Next: , Up: The Lexical Analyzer Function yylex   [Contents][Index]


4.3.1 Calling Convention for yylex

The value that yylex returns must be the positive numeric code for the kind of token it has just found; a zero or negative value signifies end-of-input.

When a token kind is referred to in the grammar rules by a name, that name in the parser implementation file becomes an enumerator of the enum yytoken_kind_t whose definition is the proper numeric code for that token kind. So yylex should use the name to indicate that type. See Symbols, Terminal and Nonterminal.

When a token is referred to in the grammar rules by a character literal, the numeric code for that character is also the code for the token kind.
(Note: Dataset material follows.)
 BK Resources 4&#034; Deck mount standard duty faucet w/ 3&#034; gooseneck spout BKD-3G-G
So yylex can simply return that character code, possibly converted to unsigned char to avoid sign-extension. The null character must not be used this way, because its code is zero and that signifies end-of-input.
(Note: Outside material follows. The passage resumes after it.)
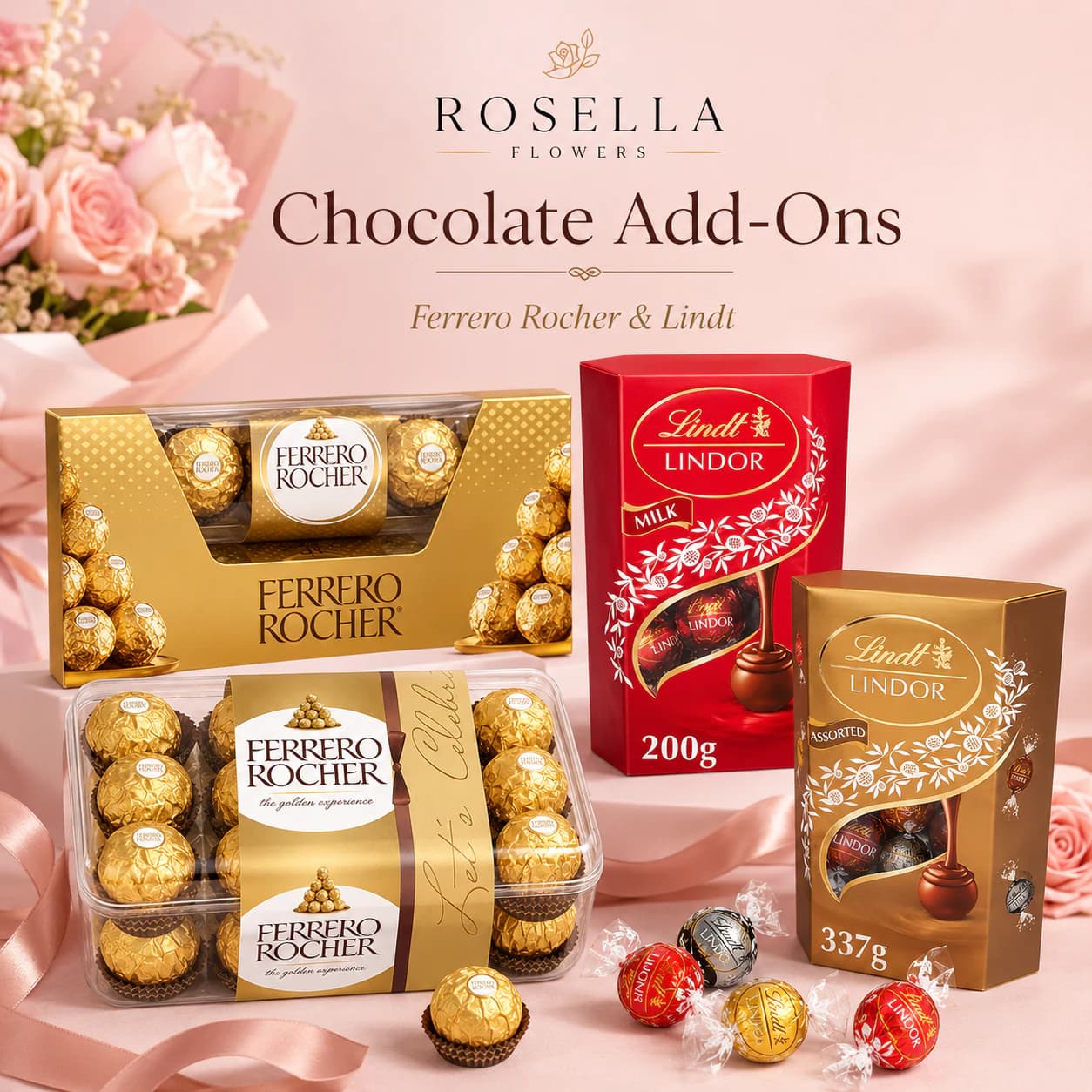 Ferrero Rocher and Lindt chocolate box options from Rosella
Here is an example showing these things:

int
yylex (void)
{
  …
  if (c == EOF)    /* Detect end-of-input. */
    return YYEOF;
  …
  else if (c == '+' || c == '-')
    return c;      /* Assume token kind for '+' is '+'. */
  …
  else
    return INT;    /* Return the kind of the token. */
  …
}

This interface has been designed so that the output from the lex utility can be used without change as the definition of yylex.